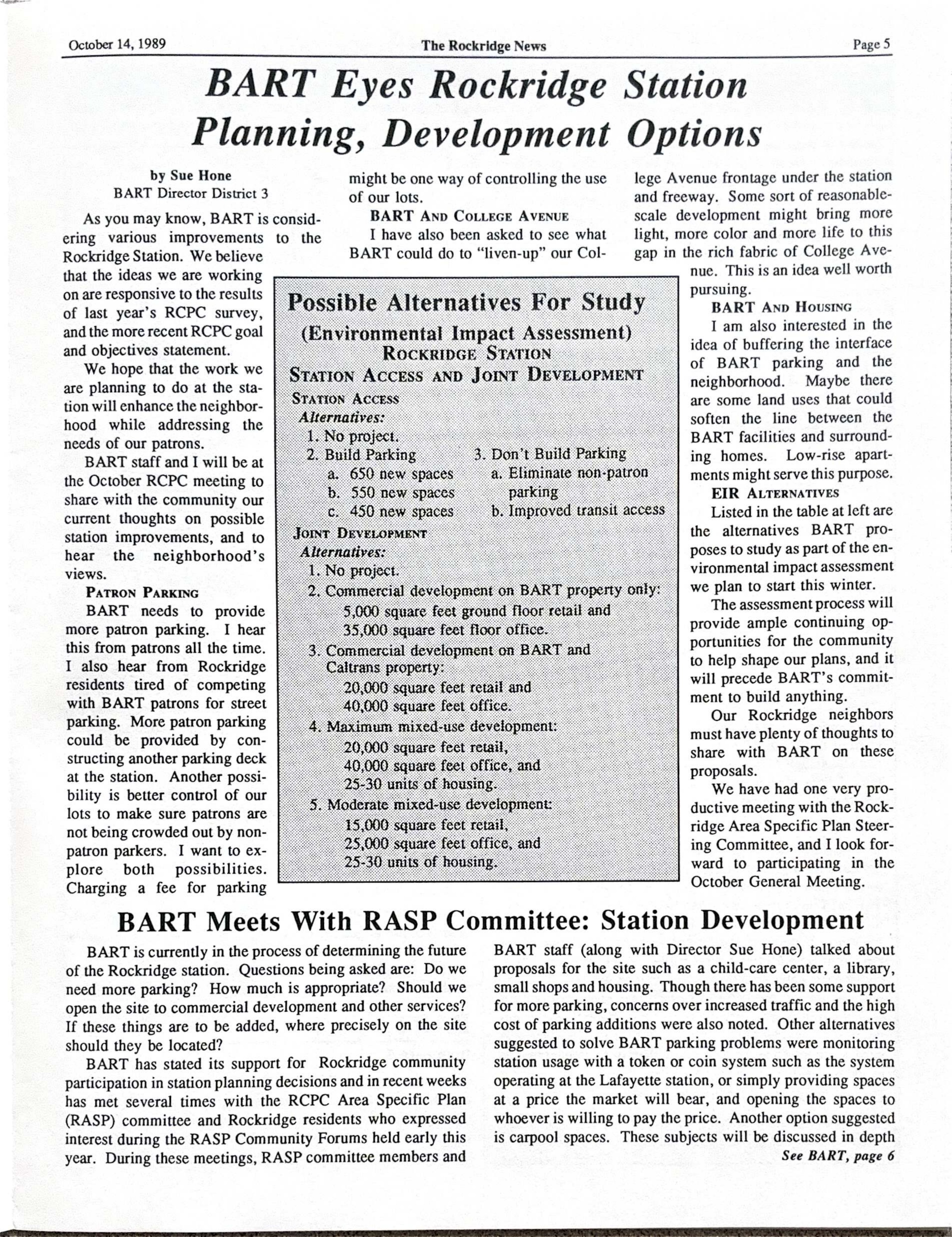 Click to zoom in The Rockridge News, October 1989, page 5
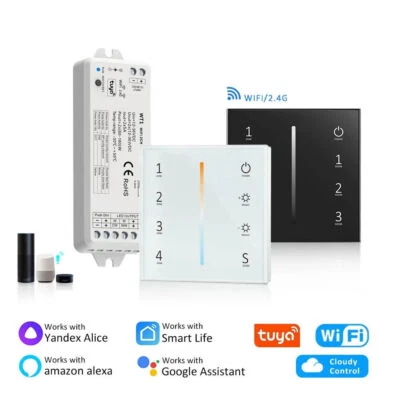 WT1 LED Controller 12-24V 4Zone Wall Touch Panel Dimmer Wireless Wifi RF Remote - Image 1 of 4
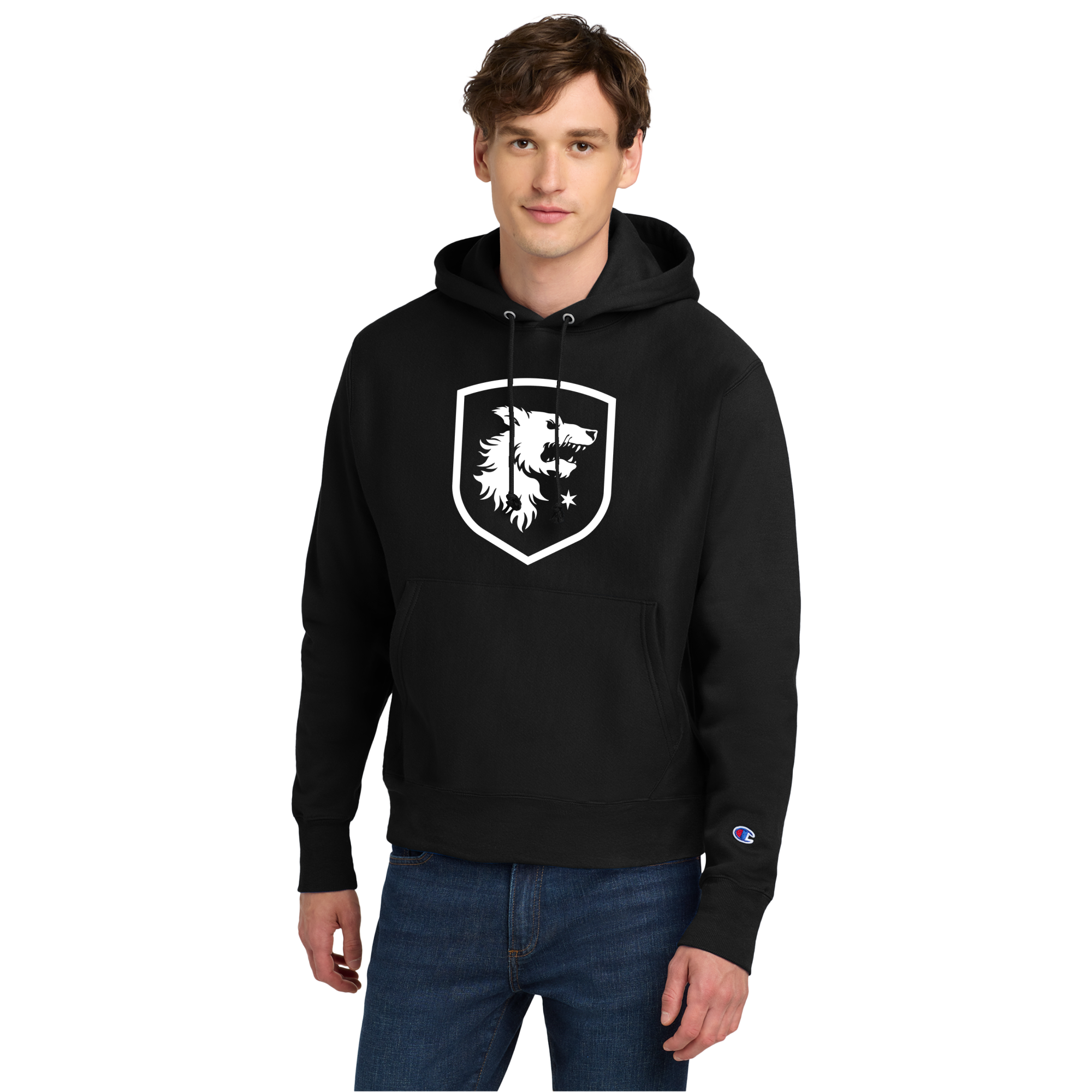Chicago Hounds White Shield Logo Champion Reverse Weave Hooded Sweatshirt - S101 Black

_Assignment_
Beginning with the line that contains "WT1 LED Controller", write out the remaining lines of the listing above through the last, exactly and only those, without pictures.

_Expected answer_
 WT1 LED Controller 12-24V 4Zone Wall Touch Panel Dimmer Wireless Wifi RF Remote - Image 1 of 4
Chicago Hounds White Shield Logo Champion Reverse Weave Hooded Sweatshirt - S101 Black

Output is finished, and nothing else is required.